Records shown:
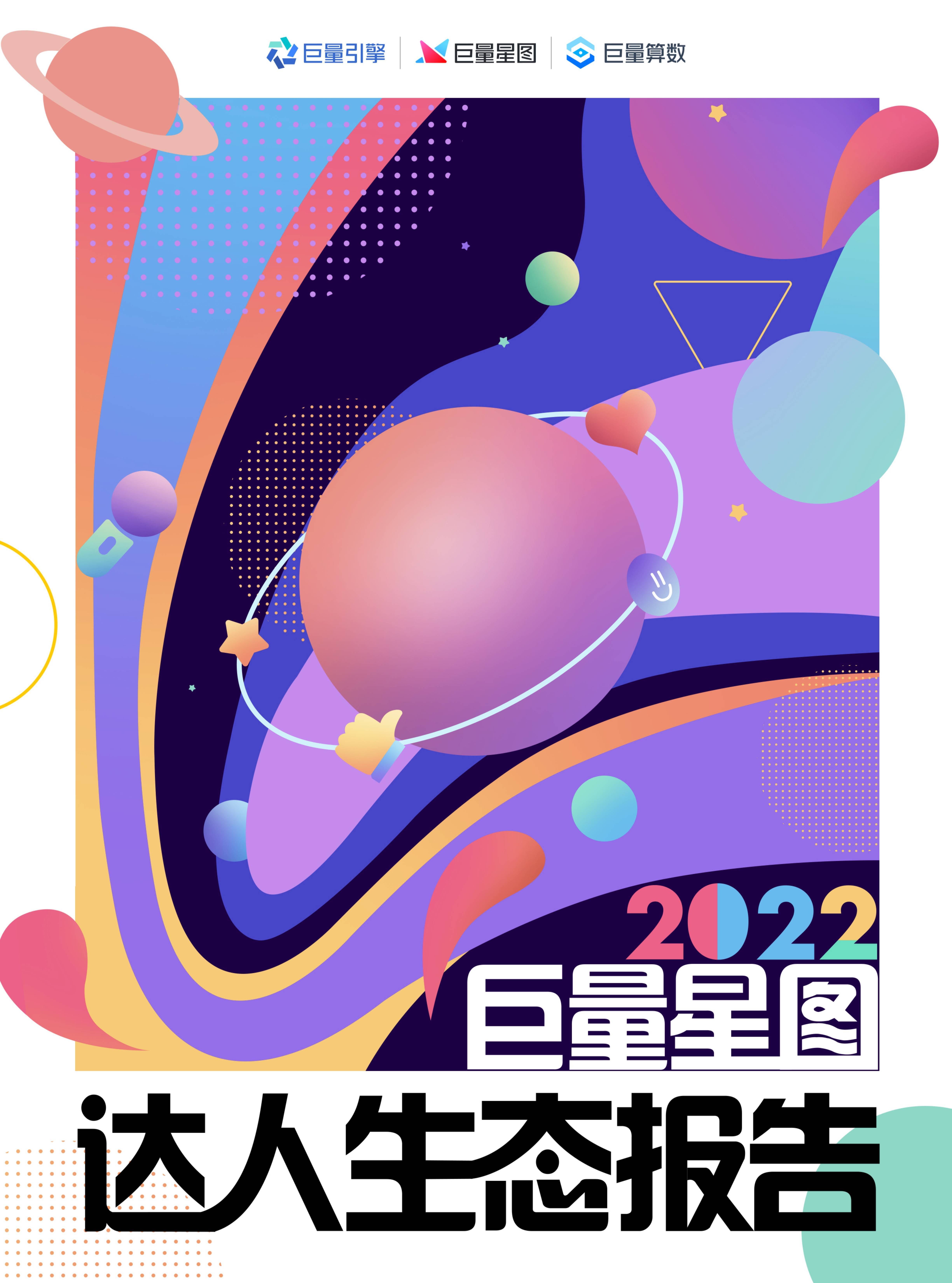 2022巨量星图达人生态报告_消费_职业_制造业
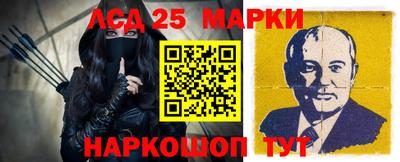соль курить ск Бугуруслан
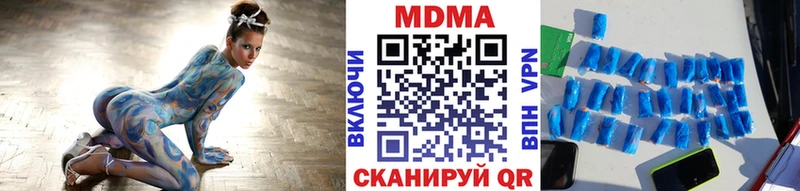 МДМА crystal  Сусуман 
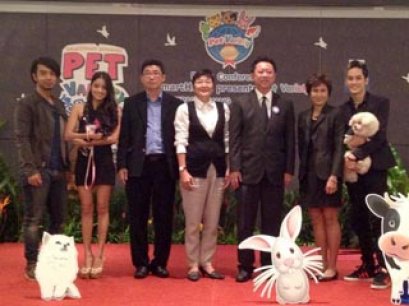 งานแถลงข่าว SmartHeart Presents Pet Varity 2013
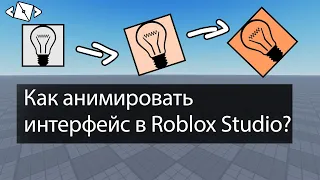 Как анимировать интерфейс в Roblox Studio?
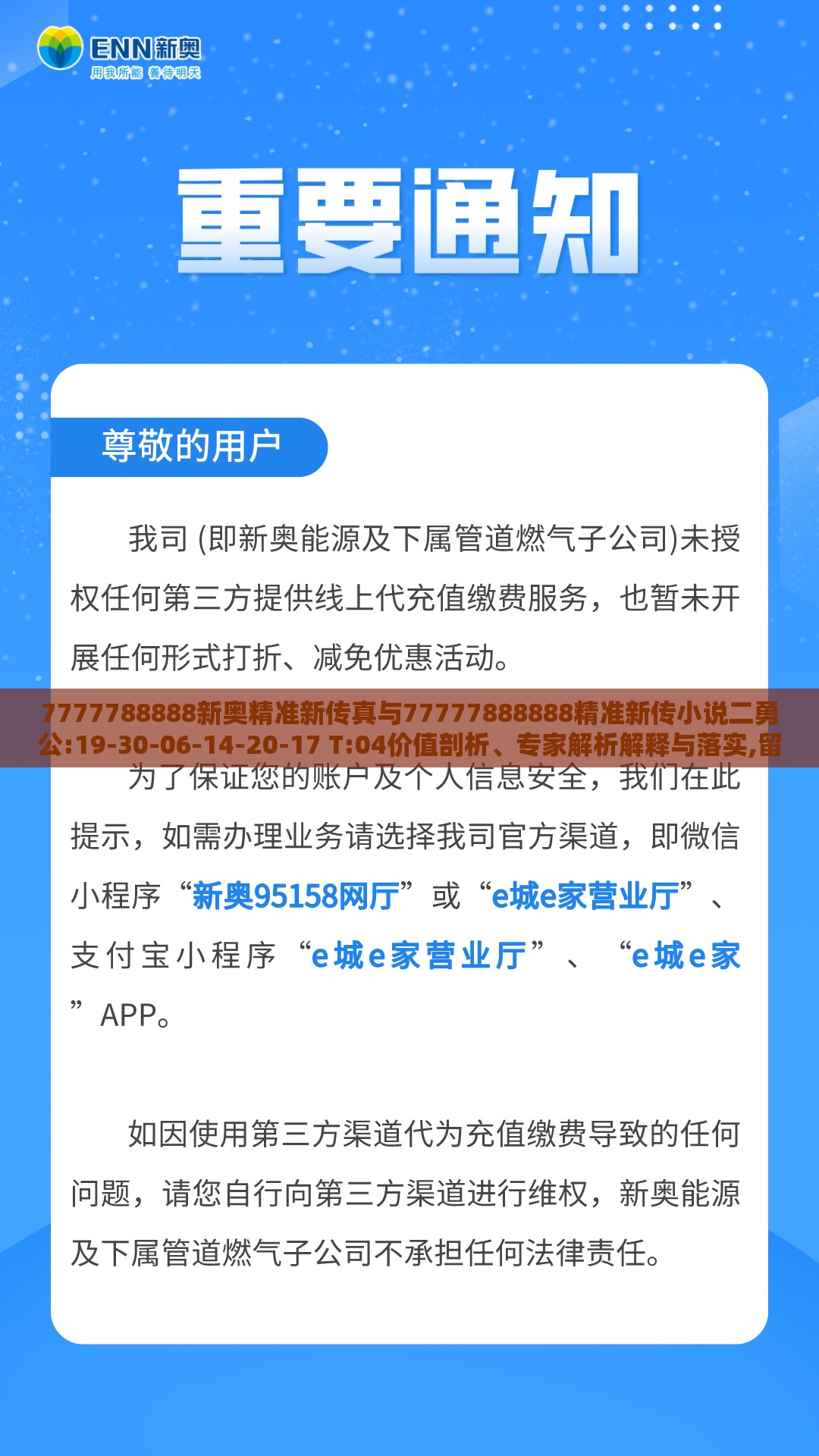 7777788888新奥精准新传真与77777888888精准新传小说二勇公:19-30-06-14-20-17 T:04价值剖析、专家解析解释与落实,留心欺诈性广告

Instructions to follow: Write down the full listing above exactly as it is, except for any images.

Written response:
 2022巨量星图达人生态报告_消费_职业_制造业
соль курить ск Бугуруслан
 МДМА crystal  Сусуман 
 งานแถลงข่าว SmartHeart Presents Pet Varity 2013
 Как анимировать интерфейс в Roblox Studio?
 7777788888新奥精准新传真与77777888888精准新传小说二勇公:19-30-06-14-20-17 T:04价值剖析、专家解析解释与落实,留心欺诈性广告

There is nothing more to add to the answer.